Van’da artan nüfusa bağlı olarak meydana gelen Çevre sorunlarını İlke Haber Ajansı’na değerlendiren Van Çevre ve Şehircilik İl Müdürü Mahsum Semerci, yaşanan sorunların önüne geçilmemesi durumunda ileride ciddi sıkıntıların yaşanabileceğine dikkat çekti.
Vatandaşların çevrenin korunması ile ilgili çeşitli eğitim programları ile bilinçlendirilmesi gerektiğini ifade eden Çevre ve Şehircilik İl Müdürü Mahsum Semerci, artan nüfusa bağlı olarak ortaya çıkan çevre kirliliği ve 2011’de yaşanan depremlerden sonra yıktırılmayı bekleyen metruk binalar ile çarpık kentleşme sorunlarının giderilmesi noktasında önemli değerlendirmelerde bulundu.
“Ahır ve Hayvan pazarları şehir dışına çıkarılıyor”
Ahır ve hayvan pazarları ile ilgili kendilerine gelen şikâyetlere istinaden yaptıkları denetimler sonucunda, ahırların şehir içinden belediyelerce çıkarılması ve şehir dışında belirlenecek yerlere taşınması için gerekli yazışmaların yapıldığını anlatan Müdür Mahsum Semerci, “Bir projeye başlamadan önce projenin çevreye olan etkileri iyi belirlenmeli ve yasal süreç uygulanmalıdır. Proje hayata geçirildikten sonra da çevreye etkileri takip edilmeli oluşabilecek zararların önüne geçmek için tesislerde gerekli çalışmalar yapmalıdır.” dedi.

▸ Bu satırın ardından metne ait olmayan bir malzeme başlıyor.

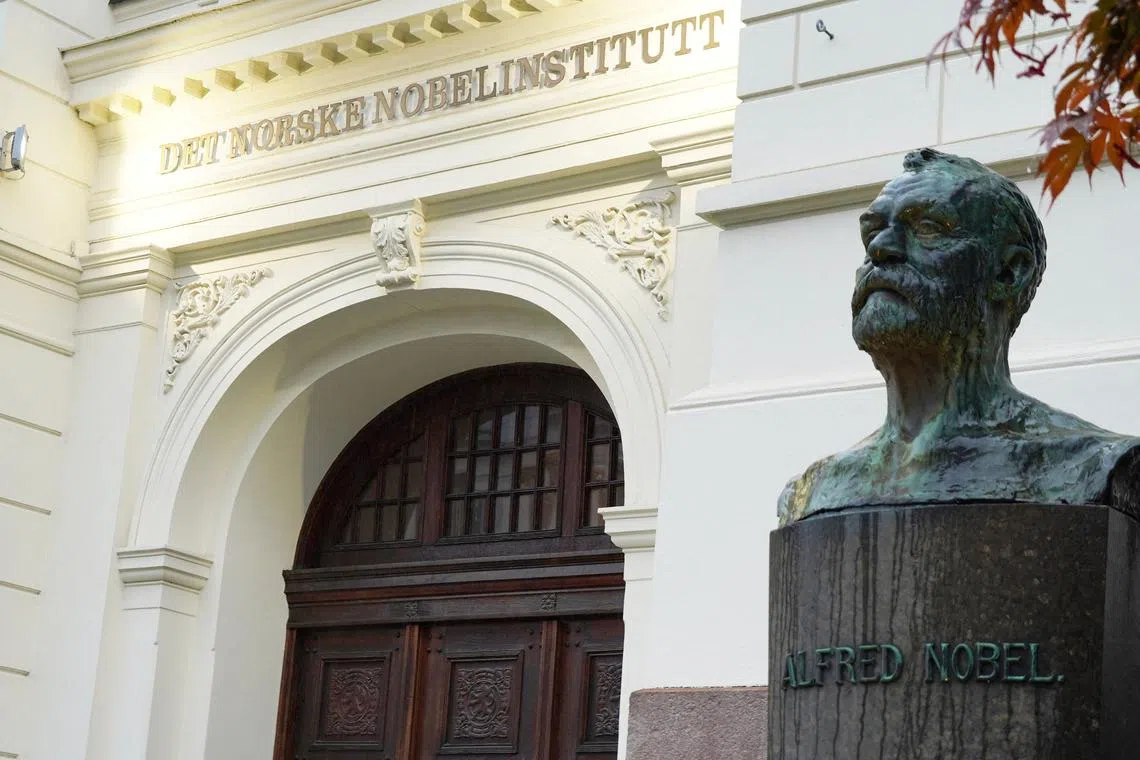 FILE PHOTO: A view of a bust of Alfred Nobel outside the Norwegian Nobel Institute, where the laureate of the Nobel Peace Prize is announced, in Oslo, Norway, October 6, 2023. REUTERS/ Tom Little/File Photo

Atık meddeler rast gele atılamamalı
Gelecek nesiller açısından da hayati öneme sahip olan çevre kirliliğinin önüne geçilmesi gerektiğini ifade eden Semerci, “İnsanlar atıklarını gelişi güzel atmamalı, belirlenen noktalara bırakmalı, atık sularını direkt göle vermemeli varsa kanalizasyon sistemine vermeli ya da oluşturacağı sızdırmaz fosseptik kuyularında biriktirmeli daha sonrasında da vidanjörle çektirip arıtma tesislerine vermelidir. Evlerimizde ya da iş yerlerimizde oluşan atık yağlar arıtılmadan su kaynaklarına verilmemelidir. Çok az miktarda yağın büyük bir su kaynağına büyük zararlar verebileceği unutulmamalıdır.” İfadelerini kullandı.
Vangölü havzasının kirletildiği yönündeki bir soruya ise Semerci, havzanın korunması için eylem planları ve kurumların katıldığı toplantılar yapıldığını hatırlatarak, “Bu kapsamda kirliliğin önlenmesi için hem bakanlığımız hem de yerel yönetimlerin havzanın korunması yönünde çalışmaları vardır. Bu çalışmalardan en önemlisi atık suların havzaya verdiği zararı önlemek için arıtma tesisi yapımları olup ve şu anda birkaç arıtma tesisinin inşası bitmiştir. Bir kaç tane arıtma tesisinin inşaatı da devam etmektedir.” diye konuştu.
Vatandaşın bilinçlendirilmesi için her platformda çevre kirliliğinin insanlar üzerindeki etkileri ve oluşabilecek zararlardan bahsedilmesini isteyen Semerci sözlerini şu şekilde sürdürdü,
“Çevre temizliği konusu her yerde işlenmeli”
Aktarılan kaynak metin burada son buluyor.